We often like to stay in our comfort zone, going with what we know. That's the easy route. The projects may not always end successfully, but we go into them knowing more and start with a greater chance of success.
It's easy to start familiar projects with confidence, to win our clients over right out of the gate and start fresh with a new project team knowing we are going down a familiar path. The confidence we start these projects with shows to our customers, and it certainly makes it easier to get these projects off on the right foot because we know what we are doing - there really isn't any learning curve. But keep in mind there really isn't much career or professional growth involved, either.
On the other side of the fence, going outside our comfort zone can feel awkward, cause us great concern and stress, and if not handled properly, cause our customers concern and stress as well if we appear to lack confidence. Let's look at the pros and cons of taking on projects within and outside of our professional comfort zone.
Going outside of our comfort zone and immediate areas of knowledge can serve several very positive purposes including:
Knowledge gain. By going outside our comfort zone, we can acquire new knowledge, try new strategies, test new technology and keep challenging ourselves. At the same time, we bring new project capabilities to our organization's project offerings.
Expansion of client base. By going outside our comfort zone, we can appeal to a broader client base. As a consultant, I've been able to do that by attracting customers that may not be very related to project management and / or professional services. As a project manager, I've done that by leading projects for clients outside the area of normal usage for our products and services, thus expanding our niche in the industry and our client base at the same time.
Expansion of services offered. When we go outside our comfort zone, we are open to new and innovative requests from our current project clients. I've had several innovative clients ask for services or content that I had not worked on previously, but in the long run, it greatly increased my service offerings to all clients and, therefore, my revenue as well as my service offerings became even broader and more appealing.
Obviously, there are some very good reasons for going outside of our comfort zones. But with this shift in focus outside of our comfort zone and immediate areas of expertise, comes a realization of a few potential risks. What these are and how we deal with them are specific to our industry, service niche, and the types of customers we are working with, but some general ones that come to mind include:
Vulnerability to cyber crime or data breaches due to working outside expertise and safety zone. Let's assume that you and / or your organization are as tuned into cyber security as you may claim. Even if you are, once you stroll outside your area of comfort and expertise you may also be taking a walk outside your area of data and data center protection. If you are going where no man in has gone before in your organization, that doesn't mean you aren't going right where the hackers find you the most vulnerable. And we now know that everyone and everything can eventually be hacked we are all merely just trying to catch up with the hackers at all times. They are ahead of us, not vice versa, no matter what your IT guys claim.

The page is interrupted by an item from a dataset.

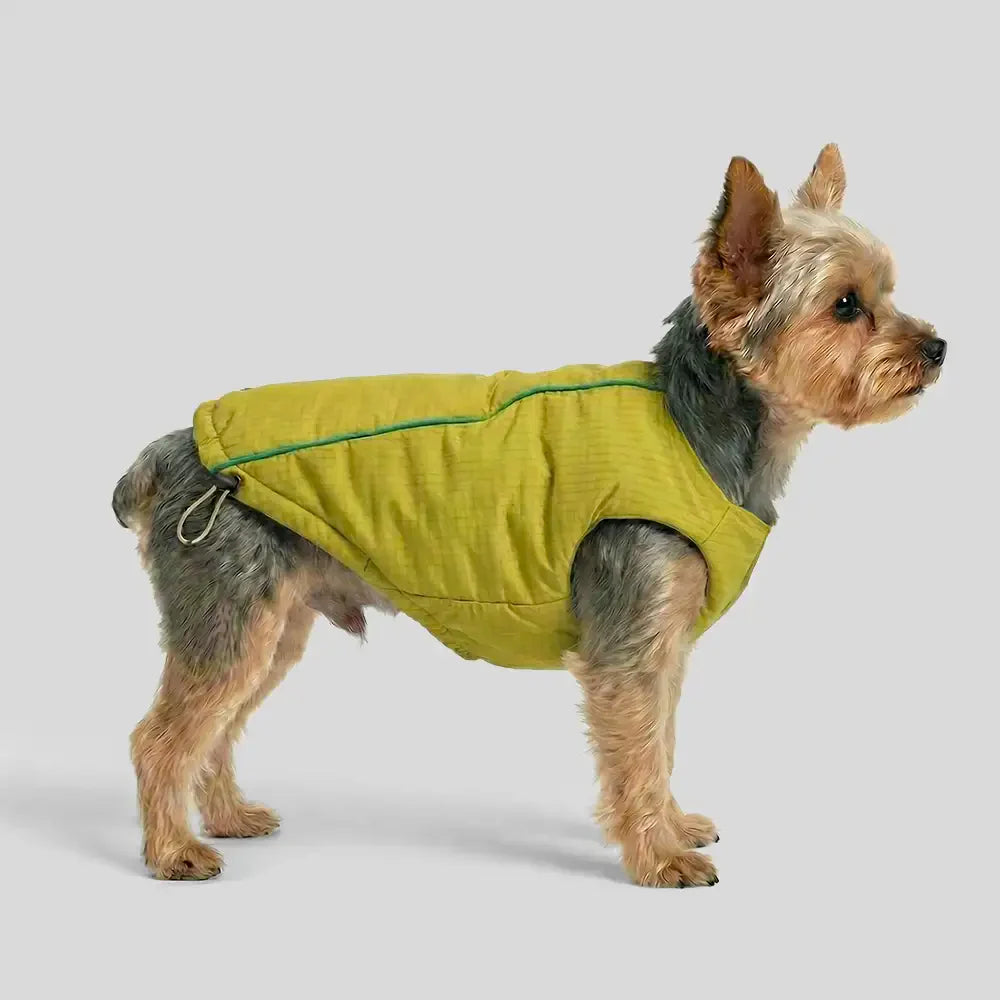 Modische wendbare gepolsterte dicke warme Hundejacke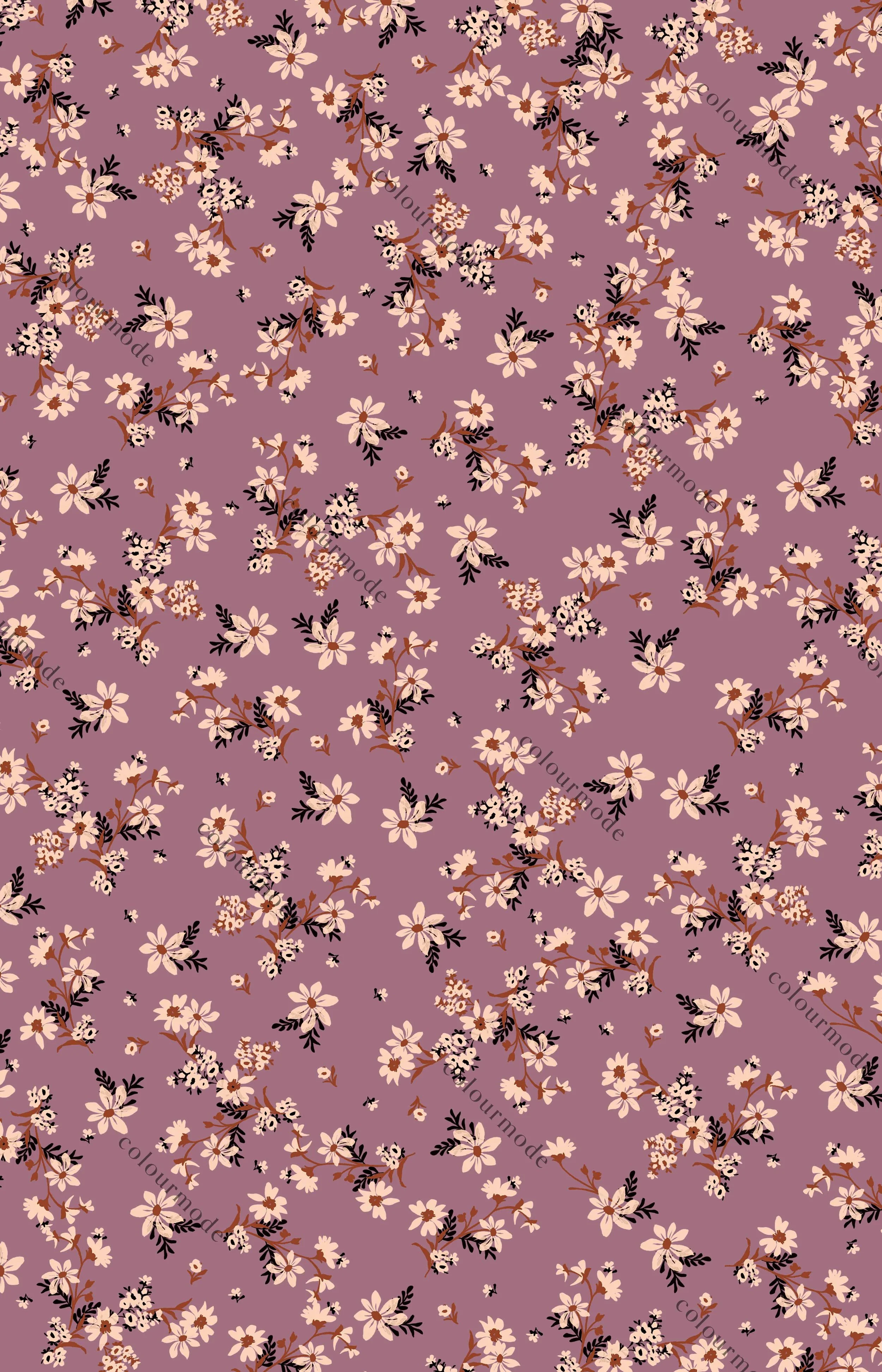 1690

Increased project failure potential. Project failure happens more frequently than we care to admit and accept anyway, even when we are operating within our comfort zone and areas of expertise. Once we venture outside of that and take on projects in unfamiliar surroundings using unfamiliar technologies with customers in new industries that we haven't worked in before, we increase the possibility of project failure – at least at first – exponentially. It's ok, you have to start somewhere, just be mentally prepared and do some extra risk planning just in case.
Winning these projects may be a tougher sell. If you're used to winning projects easily within your comfort zone, you may need to check your ego at the door and be ready to face some rejections. When asked what credentials you have to take on these new and different projects, don't lie. But be ready to be heavily questioned by cautious potential clients as to why they should go with you over 'x' competitor who has expertise in this particular area where you are lacking. Do research and be ready to respond to such questions. They will come.
Summary / call for input
I'll be the first to admit; I 'm not usually one who likes to go outside my comfort zone. At least, I wasn't most of my life – I've gotten better at it in recent years. I even liked to take the same vacations over and over again. Trying new foods? Never. Now – fortunately, or, unfortunately, depending on how you look at it – there isn't much I won't eat. Thankfully, my wife is a great cook and takes pride in serving our large family healthy food, so my new lack of pickiness has made her very happy. I've managed to take that same open mind into the things I do professionally – including the projects I work on and the customers and technology I work with. It's opened me up to new project and consulting opportunities, helped increase my revenue and the revenue of the organizations that I work with, and it's made me a better and more well-rounded professional.
How about our readers? Are you comfortable outside your general area of expertise? Are you comfortable learning new things? Have you taken on projects for your organization that were outside either your comfort zone or the organization's normal area of focus? How did it go? What did you learn?